COLLECTED MATERIAL:
- - - -
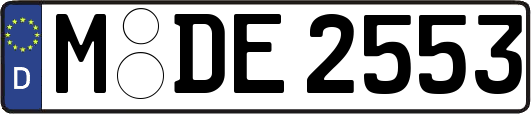 M-DE2553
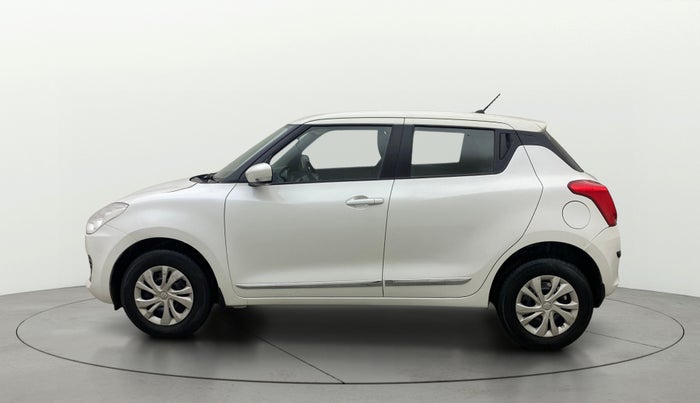 2018 Maruti Swift VXI, Petrol, Manual, 17,005 km, Left Side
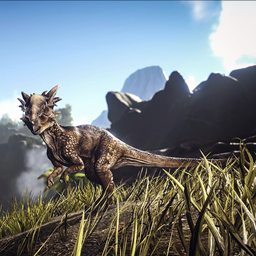 Neo Ark Ascended: Stygimoloch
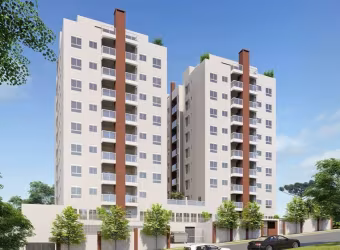 Apartamento com 2 quartos à venda na Rua Francisco Balchak, 153, Boa Vista, Curitiba, 95 m2 por R$ 729.041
- - - -
WHAT IS BEING ASKED: Your answer must be the full listing, reproduced word for word, without its pictures.

ANSWER SPACE:
 M-DE2553
 2018 Maruti Swift VXI, Petrol, Manual, 17,005 km, Left Side
 Neo Ark Ascended: Stygimoloch
 Apartamento com 2 quartos à venda na Rua Francisco Balchak, 153, Boa Vista, Curitiba, 95 m2 por R$ 729.041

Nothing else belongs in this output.